Tokoh Juminten dalam cerpen Rambut Panjang Juminten menjadi objek penceritaan, sedangkan tokoh Panuwun menjadi subjek penceritaan. Tiga tokoh perempuan lain menjadi subyek penceritaan yang memiliki beban kerja ganda, bekerja di ranah publik dan juga domestik.

Tokoh Mbok Nah digambarkan sebagai perempuan yang memiliki beban kerja ganda dan menjadi subyek penceritaan, namun tidak mendapatkan penghargaan dari lingkungan masyarakat yang menganut budaya patriarki. Sementara Marno yang digambarkan sebagai obyek penceritaan tetapi memiliki kekuasaan untuk untuk bertindak sewenang-sewenang.

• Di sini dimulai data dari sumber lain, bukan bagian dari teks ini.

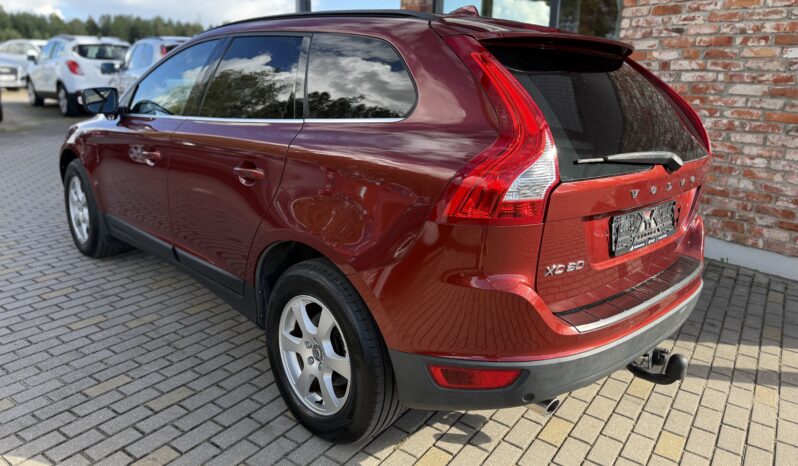 
								VOLVO XC60 pilns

Tokoh Emak dan Ida dalam Warung Pinggir Jalan digambarkan sebagai perempuan mandiri, dan juga memeliki beban kerja ganda Teh Nining digambarkan sebagai subyek penceritaan yang memiliki beban kerja ganda juga tokoh yang rumit.

Bertahan hidup dengan dadang, laki-laki pengangguran, pemalas, jorok, suka berjudi, pemabuk, tidak tahu diri dan sering memukuli Teh Nining apabila melakukan kesalahan kecil sekalipun, tetapi minta dilayani sebaik- baiknya oleh istrinya. Meskipun sering diperlakukan tidak semestinya, tetapi tokoh Nining tetap bertahan dan berusaha menjaga nama baik keluarga dan

menyembunyikan aib keluarga, padahal orang lainpun sudah tahu mengenai prilaku suamianya, sampai saatnya hilang kesabaran Teh Nining saat Ia difitnah dan Dadang memukulinya hingga babak belur. Teh Nining menyerah dan mengajak anakya meninggalkan Dadang.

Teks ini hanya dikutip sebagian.